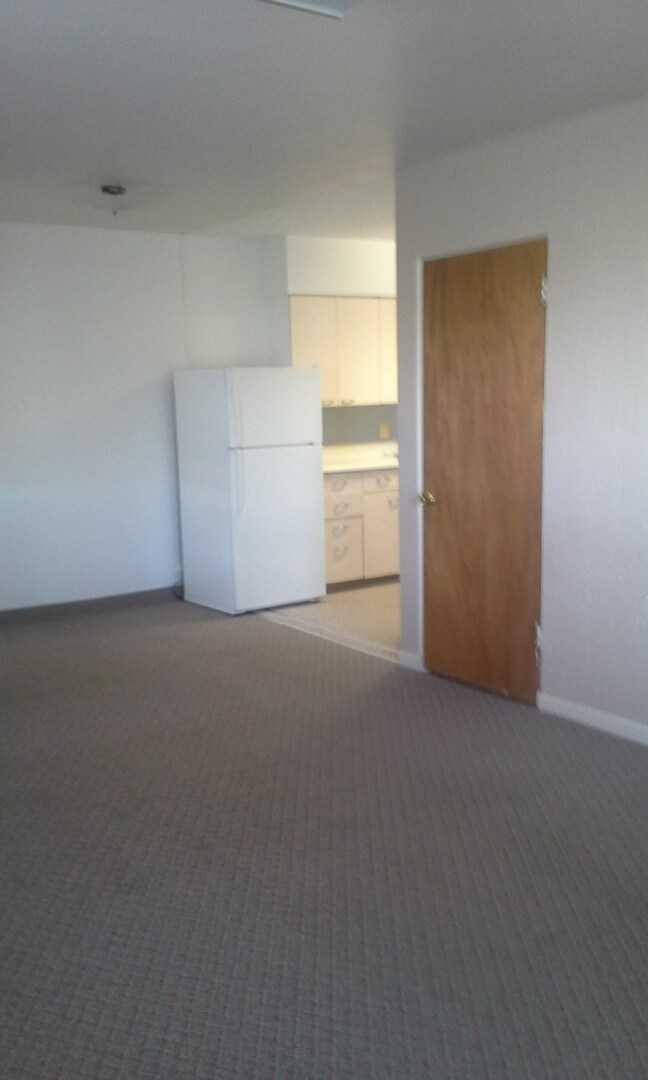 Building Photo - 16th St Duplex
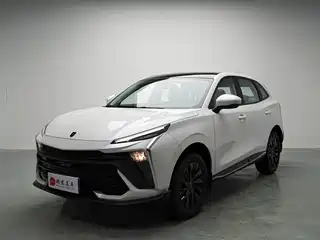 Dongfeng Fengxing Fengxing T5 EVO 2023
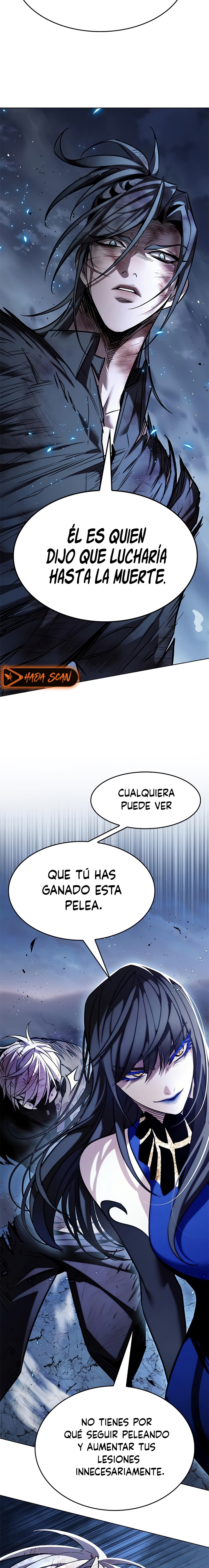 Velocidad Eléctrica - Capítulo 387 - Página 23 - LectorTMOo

..........

Activity.
What the task needs is the material above repeated exactly, pictures excepted.

Exercise result.
 Building Photo - 16th St Duplex
 Dongfeng Fengxing Fengxing T5 EVO 2023
 Velocidad Eléctrica - Capítulo 387 - Página 23 - LectorTMOo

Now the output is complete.